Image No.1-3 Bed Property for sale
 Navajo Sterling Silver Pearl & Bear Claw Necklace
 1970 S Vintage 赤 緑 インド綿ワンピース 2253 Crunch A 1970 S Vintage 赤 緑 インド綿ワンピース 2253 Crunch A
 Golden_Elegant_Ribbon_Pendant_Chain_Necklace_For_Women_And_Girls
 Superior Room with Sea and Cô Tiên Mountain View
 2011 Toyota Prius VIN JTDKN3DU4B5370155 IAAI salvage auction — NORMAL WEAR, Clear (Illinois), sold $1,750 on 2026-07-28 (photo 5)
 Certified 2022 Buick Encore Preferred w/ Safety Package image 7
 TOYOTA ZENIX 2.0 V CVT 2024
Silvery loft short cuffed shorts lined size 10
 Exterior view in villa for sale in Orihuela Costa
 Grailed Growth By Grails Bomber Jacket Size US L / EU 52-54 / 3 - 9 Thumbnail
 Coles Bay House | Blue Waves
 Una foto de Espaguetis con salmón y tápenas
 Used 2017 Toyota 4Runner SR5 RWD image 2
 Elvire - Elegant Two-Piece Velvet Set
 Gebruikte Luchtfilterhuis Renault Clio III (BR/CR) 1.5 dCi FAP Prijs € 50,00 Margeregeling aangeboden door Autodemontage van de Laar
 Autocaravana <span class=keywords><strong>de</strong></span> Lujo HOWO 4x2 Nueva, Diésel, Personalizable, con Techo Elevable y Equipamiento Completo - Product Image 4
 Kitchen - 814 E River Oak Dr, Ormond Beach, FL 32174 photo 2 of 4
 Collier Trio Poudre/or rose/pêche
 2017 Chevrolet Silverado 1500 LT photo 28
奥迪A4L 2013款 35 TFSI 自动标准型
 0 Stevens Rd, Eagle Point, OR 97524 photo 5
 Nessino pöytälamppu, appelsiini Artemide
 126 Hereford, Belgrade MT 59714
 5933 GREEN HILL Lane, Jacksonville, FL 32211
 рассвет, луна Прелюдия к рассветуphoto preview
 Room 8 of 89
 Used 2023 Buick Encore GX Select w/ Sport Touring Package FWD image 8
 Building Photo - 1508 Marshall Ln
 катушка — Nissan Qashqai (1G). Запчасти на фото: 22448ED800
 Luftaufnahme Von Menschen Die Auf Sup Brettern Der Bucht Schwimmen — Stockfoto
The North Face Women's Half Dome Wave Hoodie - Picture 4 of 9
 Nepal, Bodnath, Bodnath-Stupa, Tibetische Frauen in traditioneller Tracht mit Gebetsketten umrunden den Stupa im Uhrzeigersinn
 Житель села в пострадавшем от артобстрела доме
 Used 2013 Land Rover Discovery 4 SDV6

———

:: REQUIRED WORK ::
Set down each entry again, exactly as written.

:: ANSWER FOR THE TASK ::
Image No.1-3 Bed Property for sale
 Navajo Sterling Silver Pearl & Bear Claw Necklace
 1970 S Vintage 赤 緑 インド綿ワンピース 2253 Crunch A 1970 S Vintage 赤 緑 インド綿ワンピース 2253 Crunch A
 Golden_Elegant_Ribbon_Pendant_Chain_Necklace_For_Women_And_Girls
 Superior Room with Sea and Cô Tiên Mountain View
 2011 Toyota Prius VIN JTDKN3DU4B5370155 IAAI salvage auction — NORMAL WEAR, Clear (Illinois), sold $1,750 on 2026-07-28 (photo 5)
 Certified 2022 Buick Encore Preferred w/ Safety Package image 7
 TOYOTA ZENIX 2.0 V CVT 2024
Silvery loft short cuffed shorts lined size 10
 Exterior view in villa for sale in Orihuela Costa
 Grailed Growth By Grails Bomber Jacket Size US L / EU 52-54 / 3 - 9 Thumbnail
 Coles Bay House | Blue Waves
 Una foto de Espaguetis con salmón y tápenas
 Used 2017 Toyota 4Runner SR5 RWD image 2
 Elvire - Elegant Two-Piece Velvet Set
 Gebruikte Luchtfilterhuis Renault Clio III (BR/CR) 1.5 dCi FAP Prijs € 50,00 Margeregeling aangeboden door Autodemontage van de Laar
 Autocaravana <span class=keywords><strong>de</strong></span> Lujo HOWO 4x2 Nueva, Diésel, Personalizable, con Techo Elevable y Equipamiento Completo - Product Image 4
 Kitchen - 814 E River Oak Dr, Ormond Beach, FL 32174 photo 2 of 4
 Collier Trio Poudre/or rose/pêche
 2017 Chevrolet Silverado 1500 LT photo 28
奥迪A4L 2013款 35 TFSI 自动标准型
 0 Stevens Rd, Eagle Point, OR 97524 photo 5
 Nessino pöytälamppu, appelsiini Artemide
 126 Hereford, Belgrade MT 59714
 5933 GREEN HILL Lane, Jacksonville, FL 32211
 рассвет, луна Прелюдия к рассветуphoto preview
 Room 8 of 89
 Used 2023 Buick Encore GX Select w/ Sport Touring Package FWD image 8
 Building Photo - 1508 Marshall Ln
 катушка — Nissan Qashqai (1G). Запчасти на фото: 22448ED800
 Luftaufnahme Von Menschen Die Auf Sup Brettern Der Bucht Schwimmen — Stockfoto
The North Face Women's Half Dome Wave Hoodie - Picture 4 of 9
 Nepal, Bodnath, Bodnath-Stupa, Tibetische Frauen in traditioneller Tracht mit Gebetsketten umrunden den Stupa im Uhrzeigersinn
 Житель села в пострадавшем от артобстрела доме
 Used 2013 Land Rover Discovery 4 SDV6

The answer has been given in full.